According to the results of safety entropy, the fog warning system can improve the driver’s speed stability in the entire fog zone; however, warning information may reduce the driving stability in the warning zone. In the light fog condition, the fog warning system with HMI has a better effect on improving speed stability and driving safety, while in the heavy fog condition, the two fog warning systems exhibit little difference.
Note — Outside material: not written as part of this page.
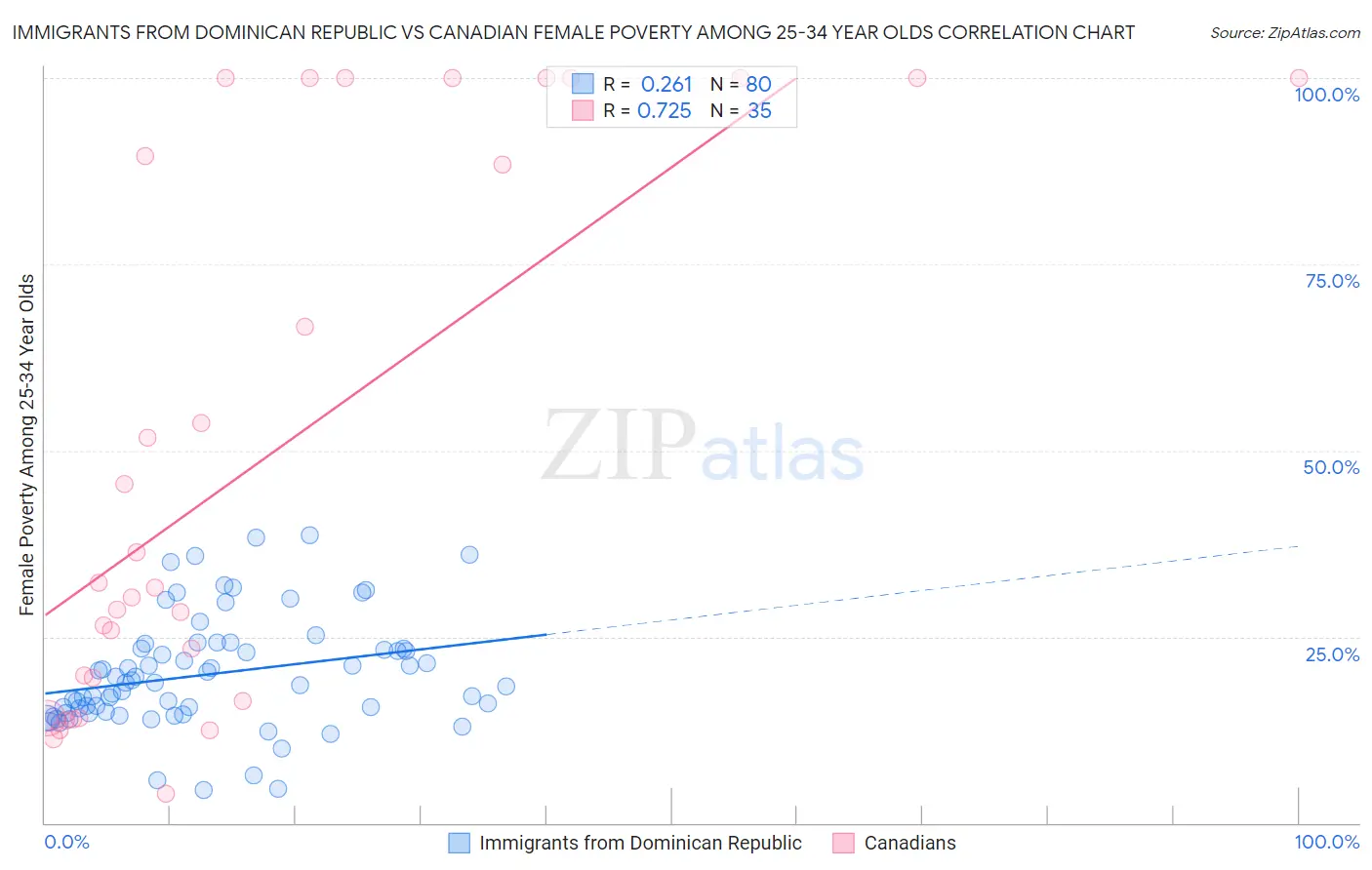 Immigrants from Dominican Republic vs Canadian Female Poverty Among 25-34 Year Olds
This paper provides available evaluation indicators and general evaluation methods for the safety assessment of fog warning systems and provides a reference for the optimization design of these systems. In the future, real vehicle test is expected, and more indicators and the safety entropy of each indicator can be employed to comprehensively analyze the impact of fog warning systems. Except for the driving safety, the efficiency, ecology, comfort, and effectiveness of fog warning systems based on the driving simulation CV test platform need to be evaluated to achieve the comprehensive evaluation of the fog warning systems.
Data Availability
The data used to support the findings of this study are available from the corresponding author upon request.
Conflicts of Interest
The authors declare that there are no conflicts of interest regarding the publication of this paper.
Acknowledgments
This work was supported by the National Natural Science Foundation of China (52072012) and the State Key Laboratory of Automotive Safety and Energy under Project no. KF2017.